Absolute geometry (as I know the term) is just (Euclidean geometry) $-$ (parallel postulate).
(It is sometimes also called neutral geometry, because it is "neutral" w.r.t. the parallel postulate.)
The only spaces I know of which satisfy its axioms are Euclidean spaces and hyperbolic spaces, both of which are obviously Riemannian manifolds.
Question: Are these the only possible metric spaces which can satisfy the axioms of absolute geometry? If so, is there a way to prove this?
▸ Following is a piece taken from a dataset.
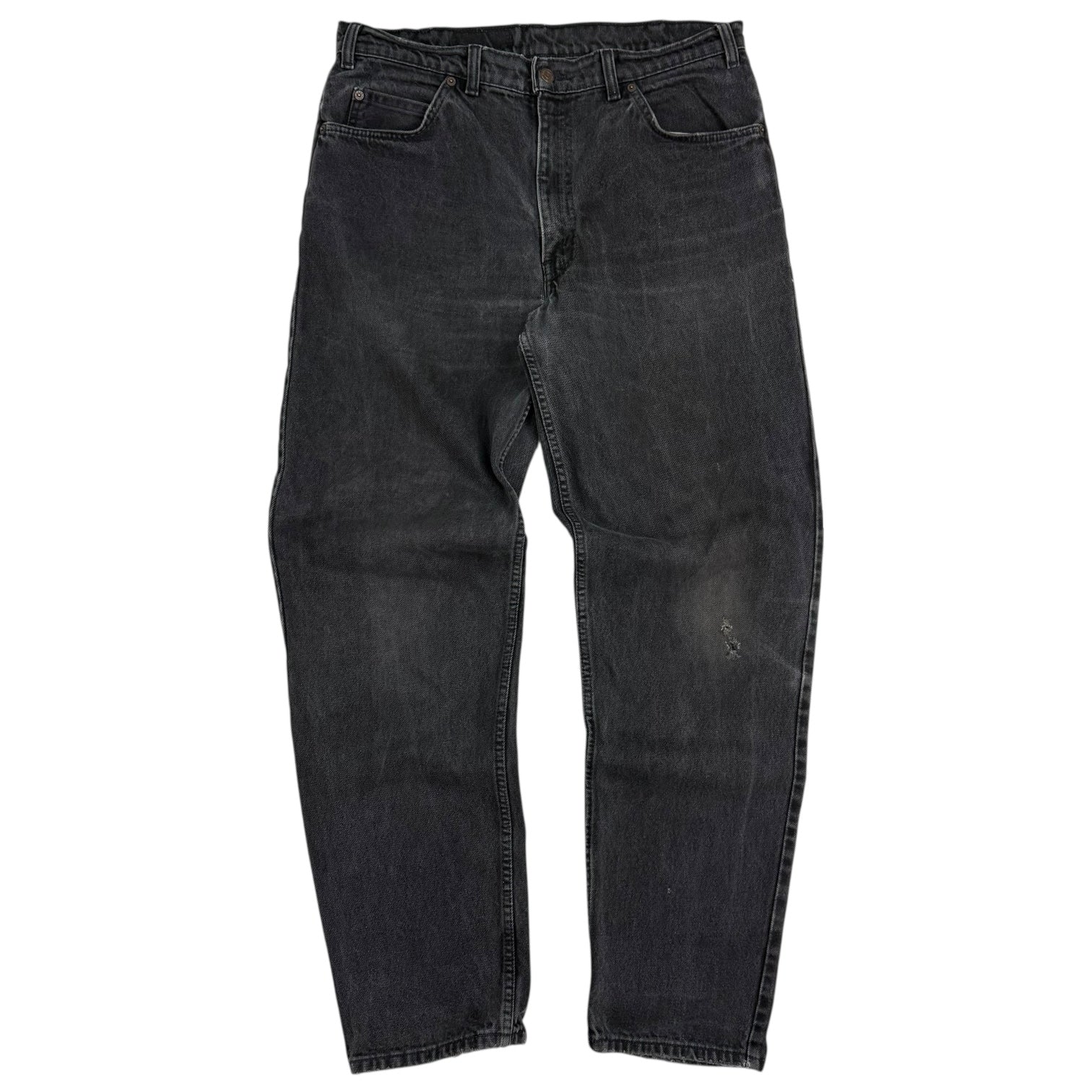 Vintage Levi’s Orange Tab Denim Pants Black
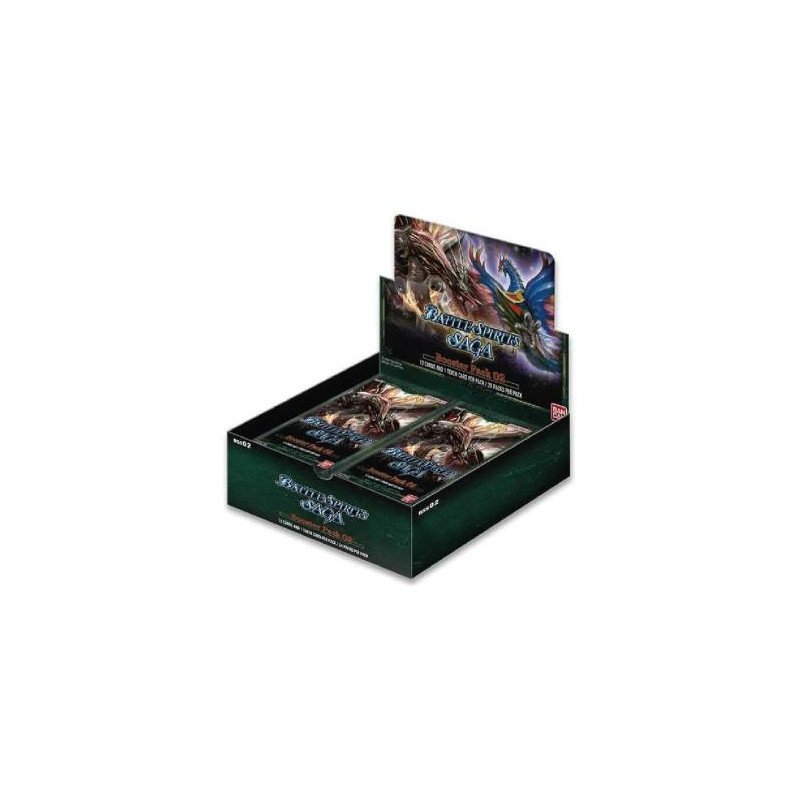 Battle Spirits Saga - BSS02  Caja Sellada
Attempt: By Postulate 4 here, it follows that absolute geometry is a subset of metric geometry. In addition to the existence of a metric, it also requires the existence of lines and angles, in order for the remaining postulates to be defined.
Both lines and angles appear to be a concept of ordered geometry, thus we have to restrict to metric spaces with some notion of intermediacy, i.e. "betweenness".
One way to establish such a notion is by restricting to geodesic spaces, and then to say that the point $P$ lies between the points $A$ and $B$ if and only if it is on a geodesic connecting $A$ and $B$. (The uniqueness of geodesics seems unnecessary, for example elliptic geometry should also be an ordered geometry, I think, but elliptic geometry does not have unique geodesics.)
But is it really necessary, rather than just sufficient, to restrict to geodesic spaces, in order to have ordered geometry? Ordered geometry doesn't even seem like it requires the existence of a metric, so why would it require the existence of geodesics?
Moreover, I see no reason how or why to restrict further from geodesic spaces to Riemannian manifolds in order to satisfy the axioms of absolute geometry.